## Assignment
Count how many lines below contain the word "Paper", then give that number alone.

## Records for the exercise

------------------------------

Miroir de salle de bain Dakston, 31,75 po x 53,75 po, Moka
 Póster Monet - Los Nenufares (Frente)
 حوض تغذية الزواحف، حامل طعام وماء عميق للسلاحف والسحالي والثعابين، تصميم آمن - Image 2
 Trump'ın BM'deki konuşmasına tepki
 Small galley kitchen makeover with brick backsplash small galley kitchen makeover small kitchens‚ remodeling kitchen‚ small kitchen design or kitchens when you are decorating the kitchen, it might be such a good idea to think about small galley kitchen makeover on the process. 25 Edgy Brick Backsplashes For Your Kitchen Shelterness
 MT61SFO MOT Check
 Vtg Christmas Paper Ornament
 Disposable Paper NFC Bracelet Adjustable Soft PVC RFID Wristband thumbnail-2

------------------------------

## Result of this exercise
2